I wouldn't call Photoshop an achievement, it's a hodgepodge of old libraries and bugs at the best of times.
Adobe refused to patch a vulnerability in CS5 at one point, telling people to purchase and upgrade to CS6 (US$199) if they wanted to not be vulnerable to malicious code execution. In response to the uproar they eventually backported the patch.
If Photoshop, basically industry standard in image-editing software, isn't an achievement... then nothing qualifies as an achievement. And this is coming from someone who prefers GIMP on linux. I would love to produce something even a quarter as popular & usable as Photoshop.
It might be more of a reflection on my colleagues and I, but the phrase "industry standard" is basically used to mean something is crap by us. This is in radiology. UI inconsistency, buggy, crashy (as in 40 minutes to reboot the damn system), incompatibility with other systems etc. When you complain, you're told its industry standard, or similar. And this is just one system
I use. There are other standards too. The company formally known as Kodak supplied PACS system which relies on IE6. It is also an industry standard. And it's as bad as things get. In healthcare IT industry standard = rock bottom standards.
"If PS (or other system) makes your machine need a reboot, the problem isn't Photoshop" The system is provided, hardware, and all, by the manufacturer. The problem is both hardware and software. Flagship model too.
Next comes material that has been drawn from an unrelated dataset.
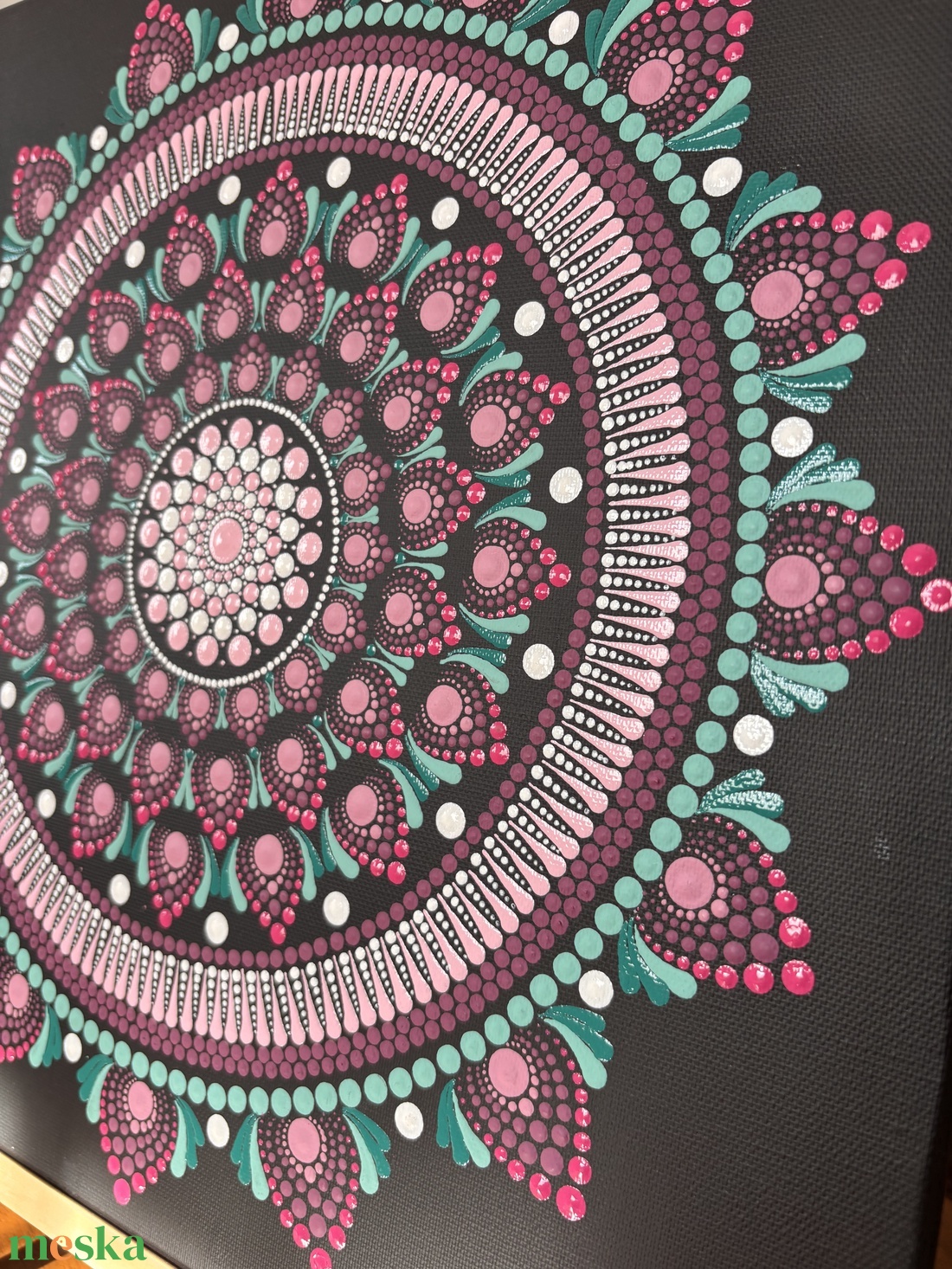 Türkiz-rózsaszín Mandala - művészet - festmény - akril - Meska.hu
GE.
No. I'm saying that a program that costs a massive monthly fee and is pretty much impossible to avoid in this industry is should not be this constantly bad.
Mammoth corporations have fuck-all to do with common sense. They're run by apathetic shills that couldn't care less about technology, progress, or people (not to knock the talent that works in the trenches).
Adobe refused to patch a vulnerability in CS5 at one point, telling people to purchase and upgrade to CS6 (US$199) if they wanted to not be vulnerable to malicious code execution. In response to the uproar they eventually backported the patch.